An exact transcription of every record is needed, leaving out the pictures.

[Stored records]
•••
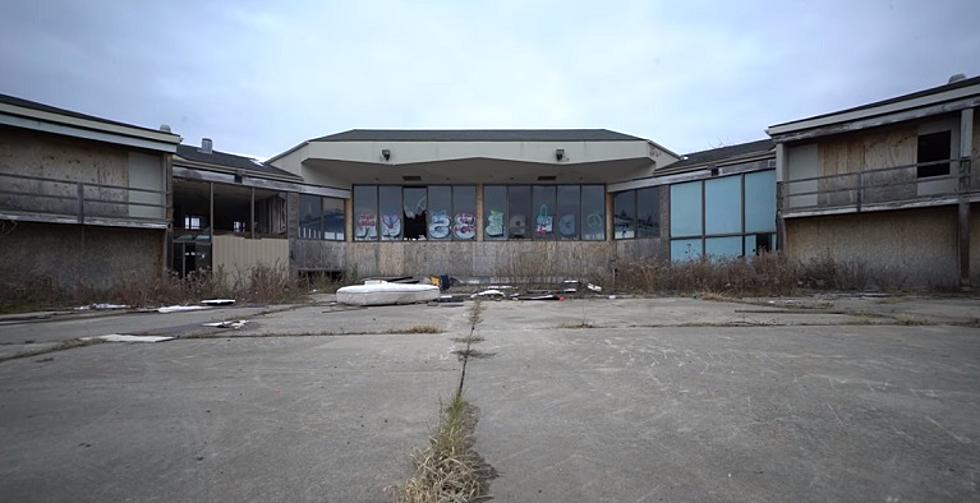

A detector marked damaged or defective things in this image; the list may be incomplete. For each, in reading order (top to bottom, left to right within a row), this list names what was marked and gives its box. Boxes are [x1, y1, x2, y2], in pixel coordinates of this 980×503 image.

broken window [920, 131, 948, 178]
broken window [356, 186, 378, 241]
broken window [378, 186, 402, 241]
broken window [404, 186, 426, 241]
broken window [426, 186, 454, 241]
broken window [452, 186, 474, 241]
broken window [482, 186, 506, 241]
broken window [510, 186, 532, 239]
broken window [532, 186, 556, 241]
broken window [556, 185, 580, 240]
broken window [580, 185, 604, 242]
broken window [612, 190, 636, 239]
broken window [636, 187, 660, 238]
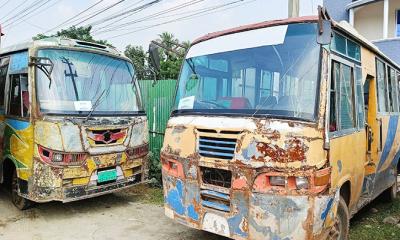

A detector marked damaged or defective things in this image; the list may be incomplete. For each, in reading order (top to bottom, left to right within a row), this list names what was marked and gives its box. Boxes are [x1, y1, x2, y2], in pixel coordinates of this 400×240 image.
•••
▶ Response to this exercise:
A detector marked damaged or defective things in this image; the list may be incomplete. For each, in reading order (top to bottom, left to right within a row), this list names what was marked and gives its box. Boxes are [x1, y1, x2, y2], in pixel coordinates of this 980×503 image.

broken window [920, 131, 948, 178]
broken window [356, 186, 378, 241]
broken window [378, 186, 402, 241]
broken window [404, 186, 426, 241]
broken window [426, 186, 454, 241]
broken window [452, 186, 474, 241]
broken window [482, 186, 506, 241]
broken window [510, 186, 532, 239]
broken window [532, 186, 556, 241]
broken window [556, 185, 580, 240]
broken window [580, 185, 604, 242]
broken window [612, 190, 636, 239]
broken window [636, 187, 660, 238]

A detector marked damaged or defective things in this image; the list may be incomplete. For each, in reading order (top to bottom, left to right within a row), this list names what was marked and gives its box. Boxes are [x1, y1, x2, y2], in pixel coordinates of this 400×240 image.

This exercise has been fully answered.